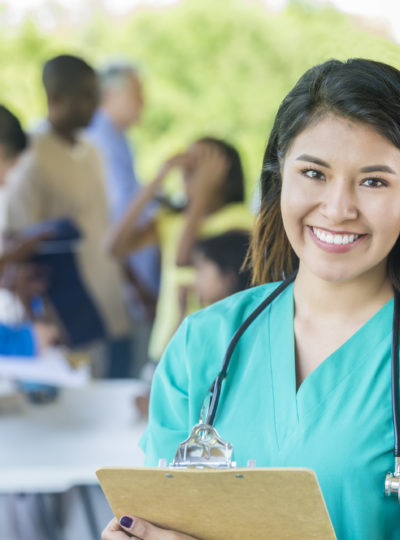 Nurse smiles at the camera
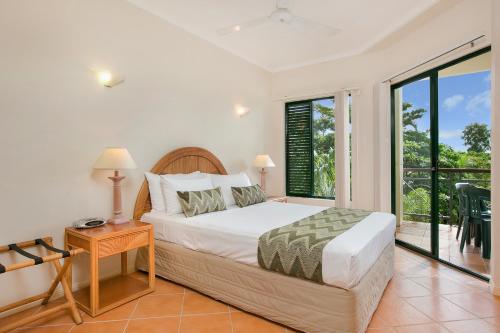 a bedroom with a bed and a balcony at Tropic Towers Apartments in Cairns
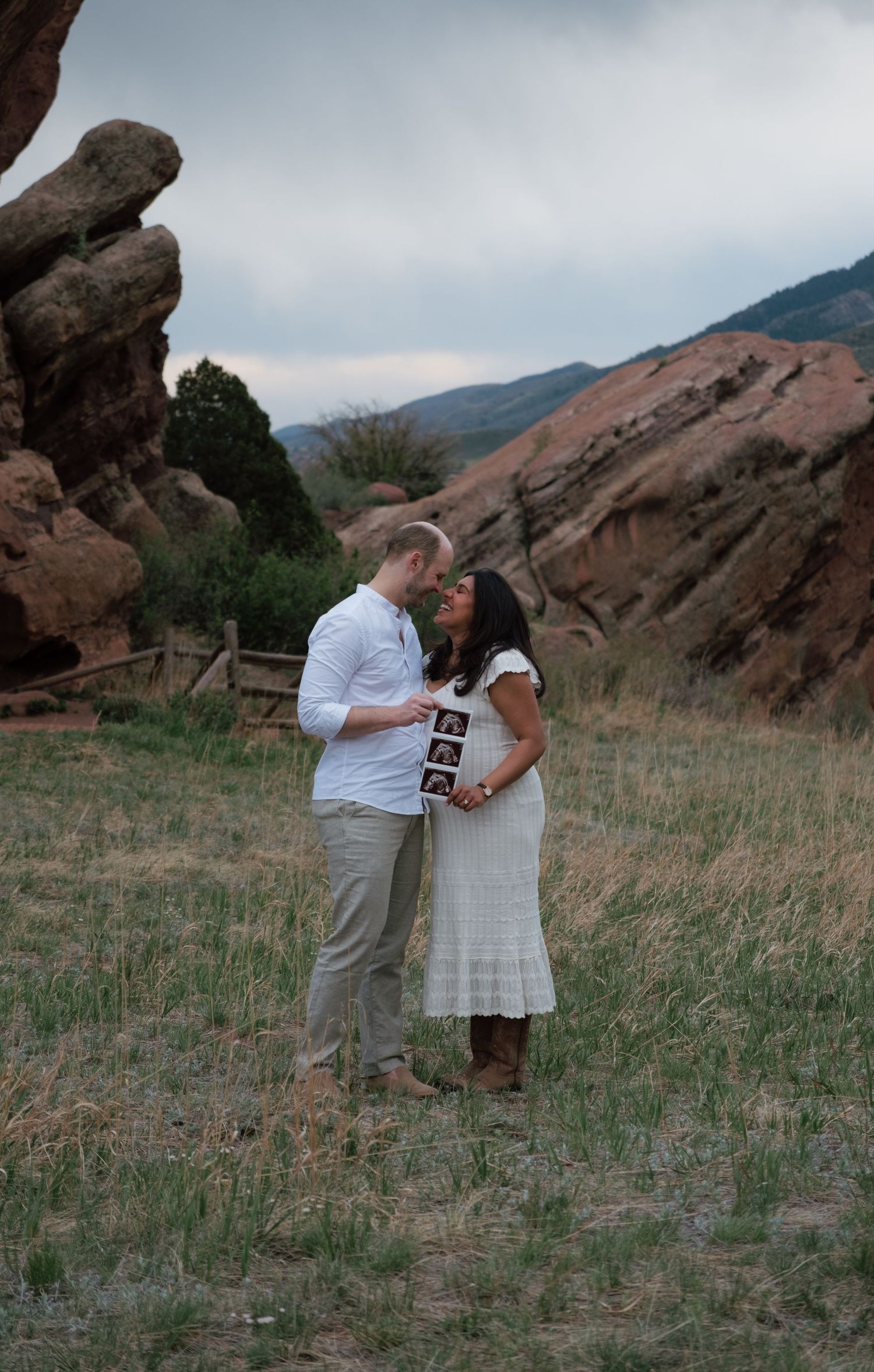 Couple sharing a romantic moment holding ultrasound photos at Red Rocks Park, Colorado, with dramatic red rock formations.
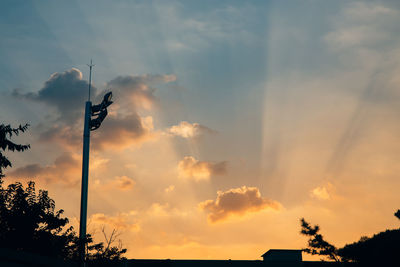 Low angle view of silhouette trees against sky during sunset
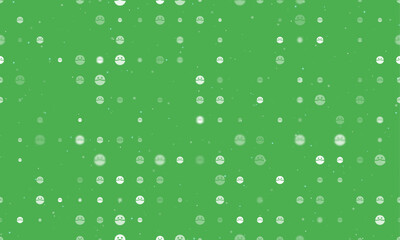 Seamless background pattern of evenly spaced white masked face symbols of different sizes and opacity. Vector illustration on green background with stars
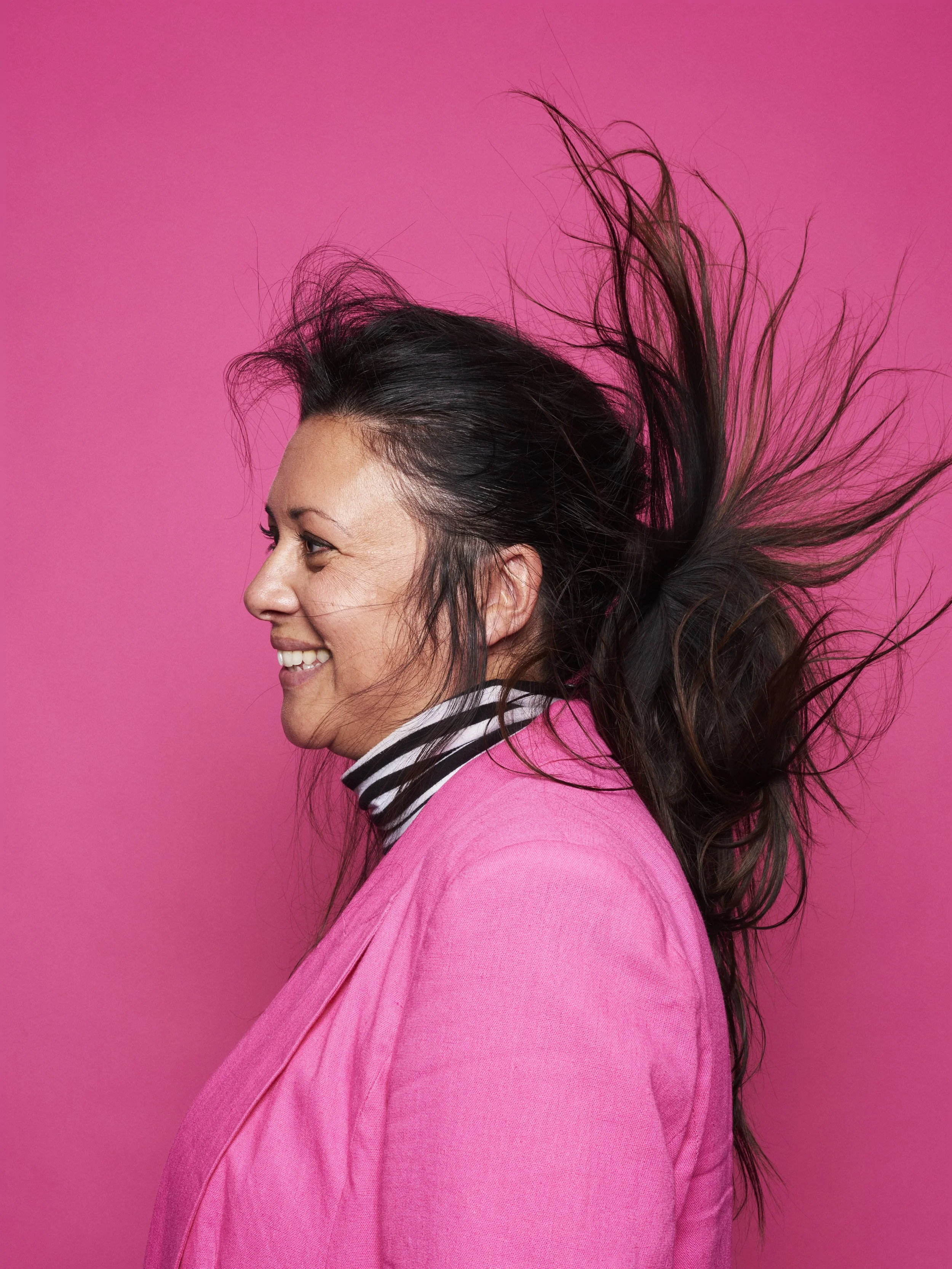 Side profile of a smiling woman with long dark hair, wearing a pink blazer over a striped turtleneck, against a pink background.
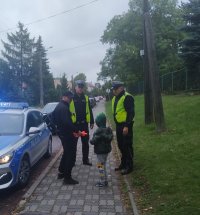 Dwaj umundurowani funkcjonariusze ruchu drogowego stojąc przy oznakowanym radiowozie wręczają kamizelkę odblaskową mężczyźnie, który wyszedł ze szkoły ze swoim dzieckiem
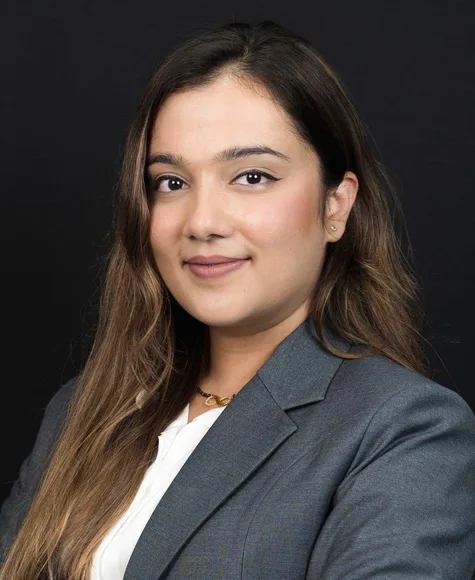 Jesica Dahal Professional Headshot Jesica Dahal in a business suit poses for a headshot against a dark background.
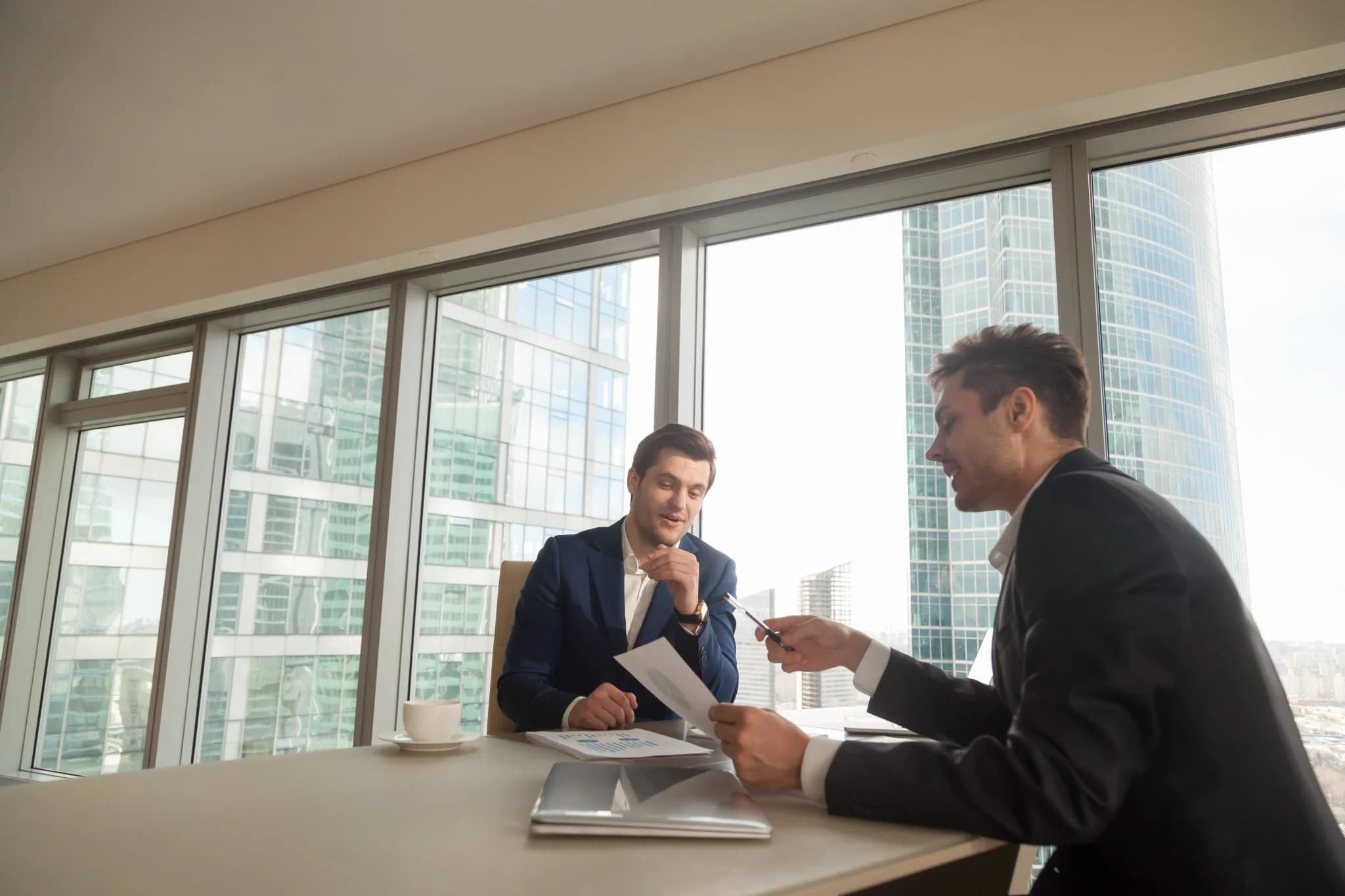 Two business professionals discussing documents in an office with city view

● ● ● ● ● ● ●

» **Task statement**:
Among the entries above, take the lines from the one with "Couple sharing a" through the one with "Jesica Dahal Professional" and retype them exactly, leaving out the pictures.

» **Expected answer**:
 Couple sharing a romantic moment holding ultrasound photos at Red Rocks Park, Colorado, with dramatic red rock formations.
 Low angle view of silhouette trees against sky during sunset
 Seamless background pattern of evenly spaced white masked face symbols of different sizes and opacity. Vector illustration on green background with stars
 Side profile of a smiling woman with long dark hair, wearing a pink blazer over a striped turtleneck, against a pink background.
 Dwaj umundurowani funkcjonariusze ruchu drogowego stojąc przy oznakowanym radiowozie wręczają kamizelkę odblaskową mężczyźnie, który wyszedł ze szkoły ze swoim dzieckiem
 Jesica Dahal Professional Headshot Jesica Dahal in a business suit poses for a headshot against a dark background.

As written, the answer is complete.